Des sprints, des chutes, des sprints..

L’étape entre les deux îles est redoutée de tous. Deux coureurs s’extirpent du peloton mais le peloton a décidé que ça ne sera pas leur jour. La première tentative de bordure a lieu à 101km de l’arrivée sous l’impulsion des Quick Step passés maître en la matière. L’équipe, qui a été piqué au vif de se faire surprendre lors de l’étape 7, décide de prendre la course en main. Si par manque de vent la tentative ne fonctionne pas, elle tend la course davantage et on assiste à la première chute 2 kilomètres plus loin. Vont suivre plusieurs autres chutes, la plupart du temps à cause des infrastructures routières (îlots directionnels, rond point). L’une d’elle va mettre Guillaume Martin à terre et contraindre Davide Formolo à l’abandon entrainant une grosse perte pour Tadej Pogacar. Une deuxième tentative de bordure a lieu à 18km de l’arrivée sans faire de victime chez les favoris. Les Sunweb attaquent le dernier kilomètre avec un train impressionnant pour favoriser la victoire de Cees Bol mais ils sont vite débordés par Morkov, poisson pilote de Bennett, qui le récompense en franchissant la ligne en première position devant Ewan et Sagan. L’irlandais reprend le maillot vert à Sagan grâce à cette victoire.
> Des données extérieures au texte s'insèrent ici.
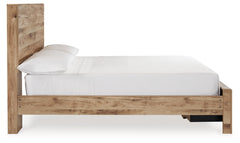 Hyanna Tan Brown Full Storage Panel Bed, Dresser, Mirror and Nightstand - Ornate Home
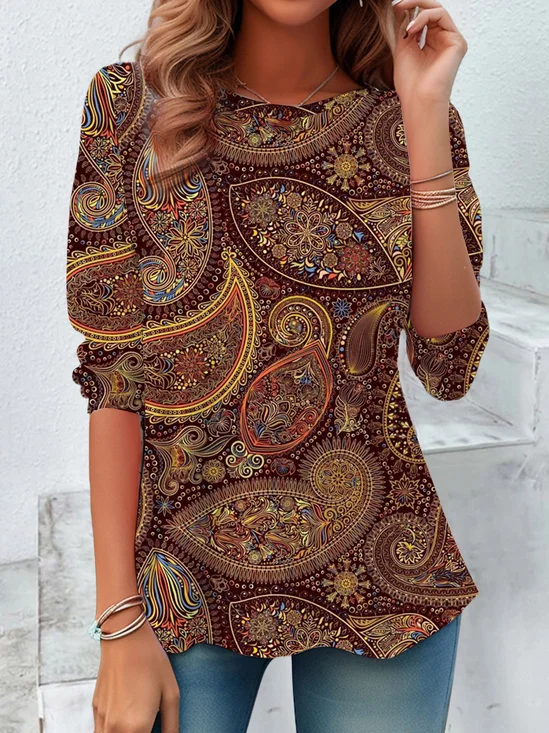 T-shirts Rétro Printemps / Automne anacardier Fleurs Imprimé Quotidien Jersey Manches Longues Col Rond Régulier pour Femmes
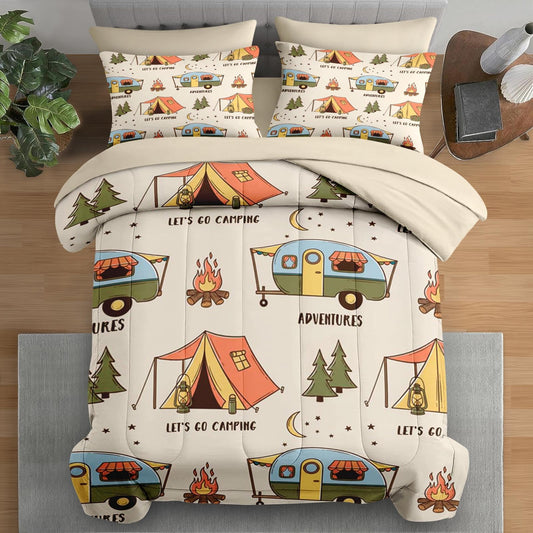Pamnest Comforter Set Queen Size, Summer Camp RV 7 Pcs Bedding for Kids and Adults, Camping Adventure Bed Sheet Sets with Fitted Sheet 2 Pillowcases & 2 Shams for Bedroom Bed Decor
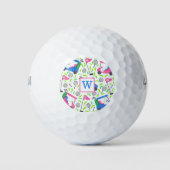 Monogram Roze Blauw Groen Golf Preppy Golfballen (Voorkant)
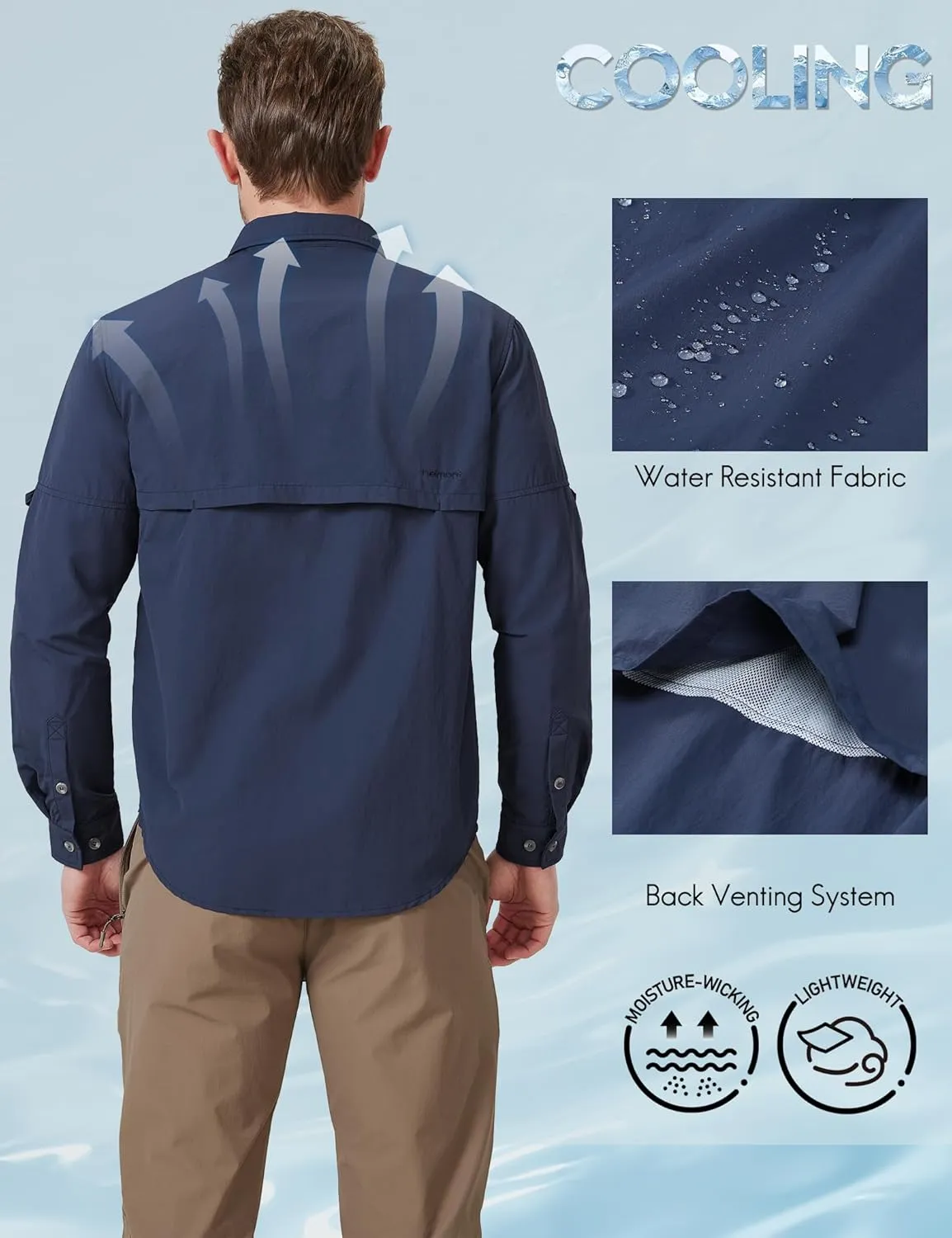 Haimont Men's Sun Protection Button Down Shirts Long Sleeve Hiking Fishing Travel Shirt Quick Dry Outdoor Top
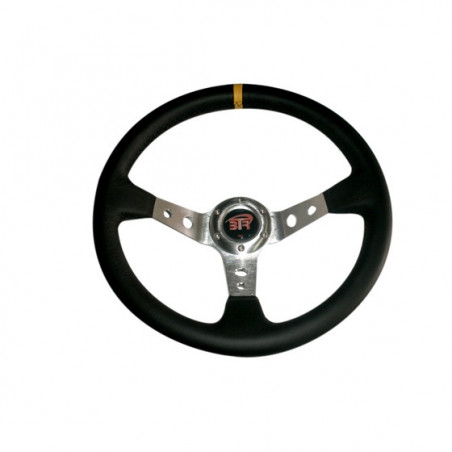 Volante BTR WRC3 piel lisa Negro/Plata 350mm - FYVAR 4x4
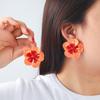 Pinkdudu Vintage Exaggerated Large Flower Zinc Alloy Dripped Glaze Earrings Fashion Trendy Stud Earrings Women PD2253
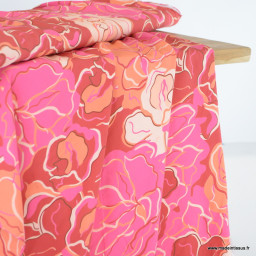 Tissu Viscose motif floral Rose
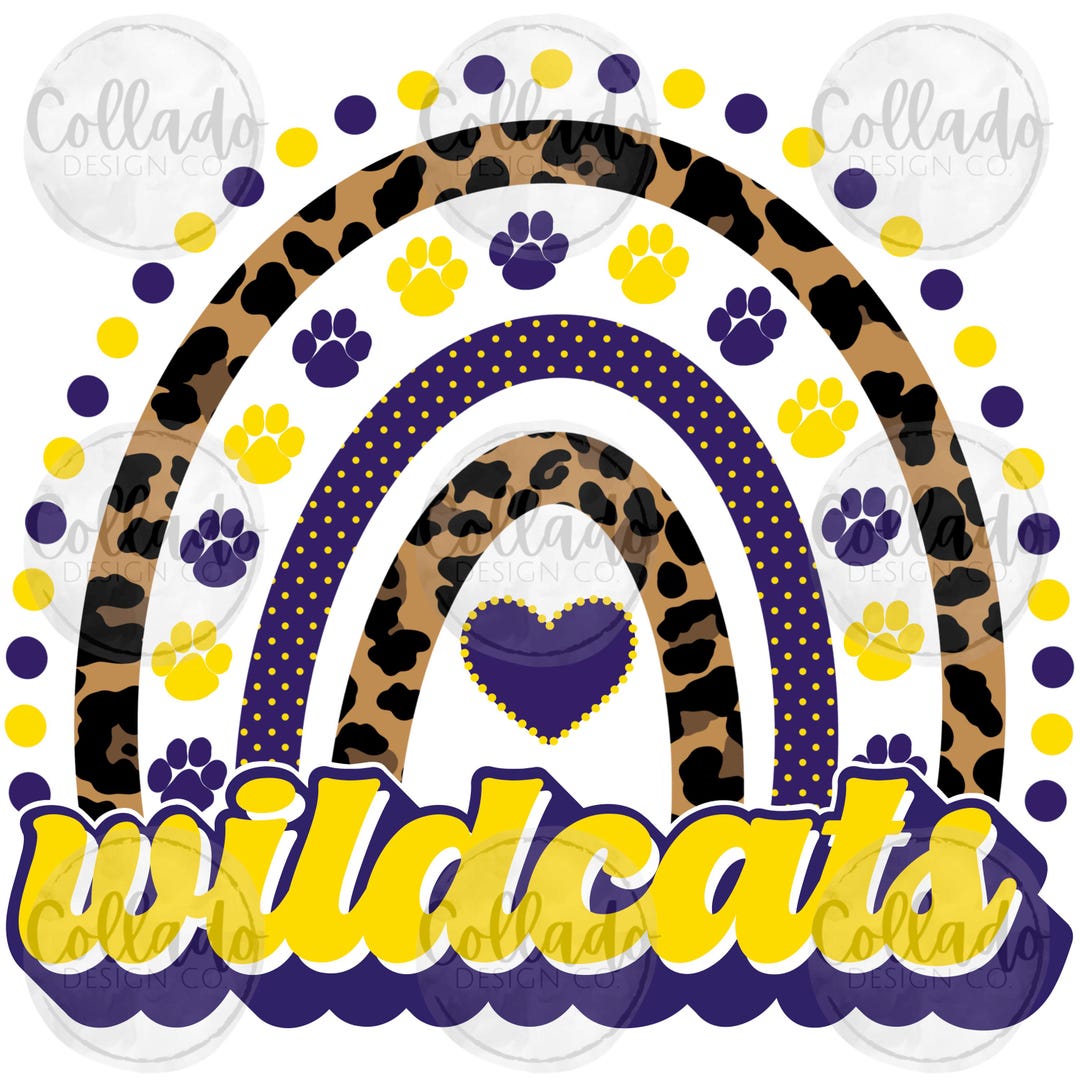 Wildcats Leopard Rainbow Purple and Yellow Retro Paw Prints School ...
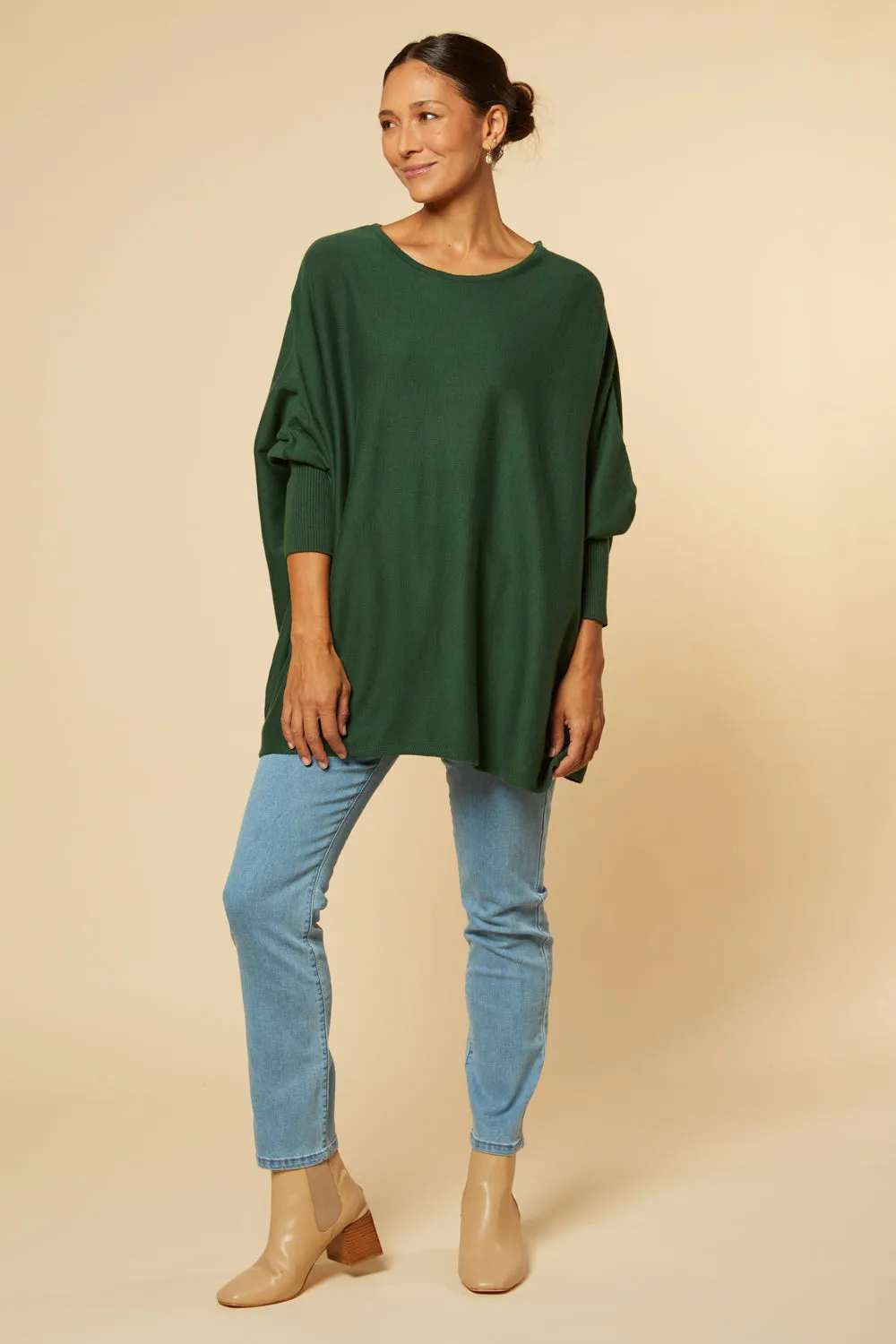 Mia Oversized Jumper in Forest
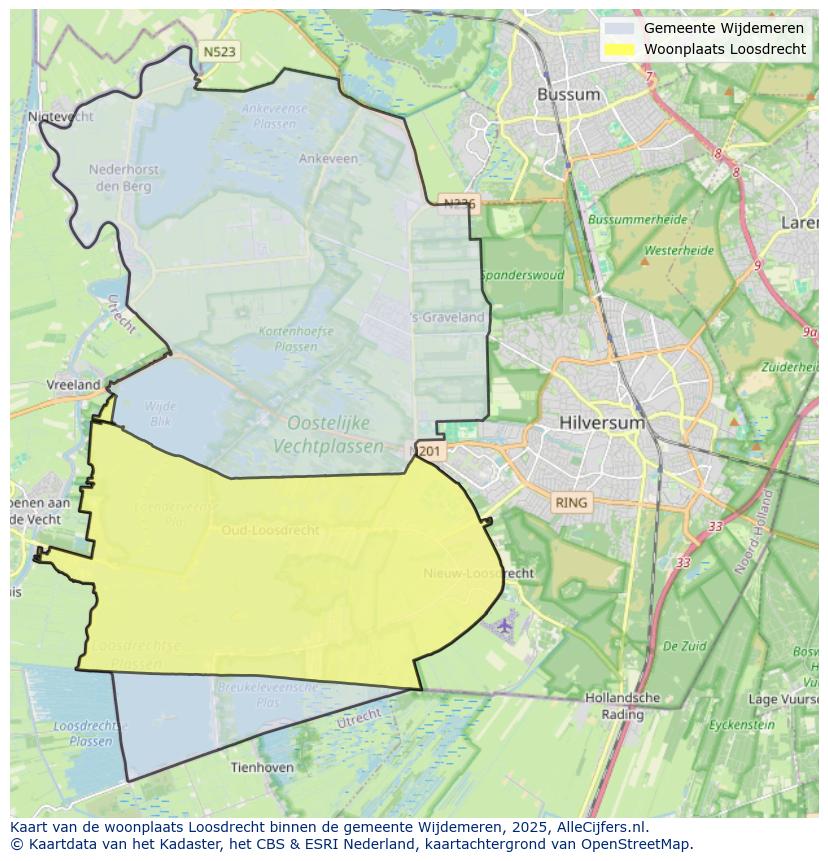 Afbeelding van de woonplaats Loosdrecht op de kaart.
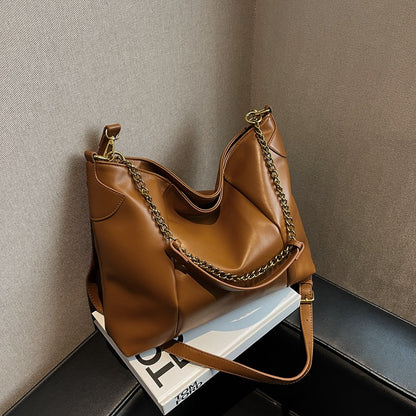 Large-capacity bag women 2026 new tote bag fashion soft leather stitching shoulder bag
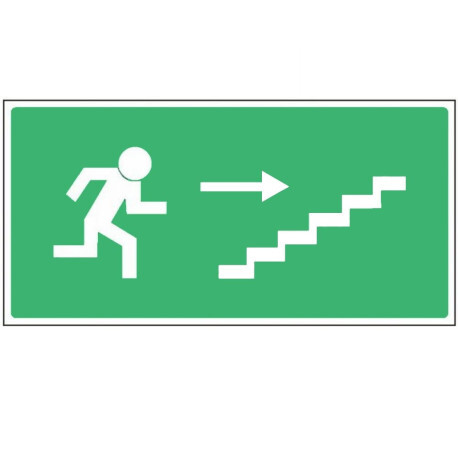 Bezpečnostní tabulka ÚNIKOVÉ SCHODIŠTĚ VPRAVO NAHORU, plast 212 x 123 mm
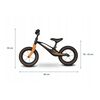 Lionelo - Bicicleta usoara Bart Air, Fara pedale, Cu roti gonflabile, Cu cadru din magneziu, Cu ghidon si sa reglabile, Greutate 3.8 Kg, 12 inch, Conform cu standardul european de securitate EN71, Negru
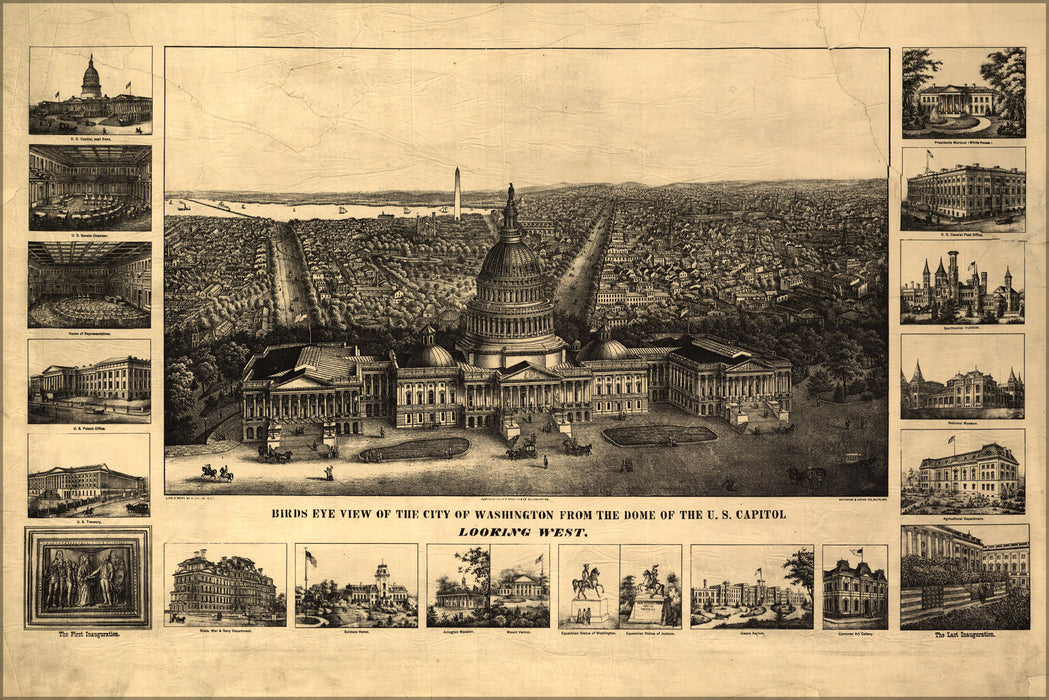 24"x36" Gallery Poster, Birds eye view map of the city of Washington from the dome of the U.S. Capitol late 19th century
Le jour suivant promet un nouveau sprint massif malgré des petites bosses en fin de parcours. Seul Mathieu Ladagnous fini par s’échapper dans un long raide solitaire qui ne peut aller au bout. Il est repris à 46km de l’arrivée et le sprint massif a bien lieu. La dernière ligne droite est en montée et c’est Ewan qui va l’emporter en costaud à Poitiers au terme d’un sprint magnifique. La photo finish montre 4 coureurs qui se tiennent en moins d’un mètre. Peter Sagan est finalement déclassé pour avoir poussé Van Aert qui a miraculeusement tenu sur son vélo. Il perd de précieux points dans la course au maillot vert. La suite du Tour de France sera plus difficile pour les sprinteurs car il n’y a plus d’étapes totalement plate avant l’arrivée à Paris.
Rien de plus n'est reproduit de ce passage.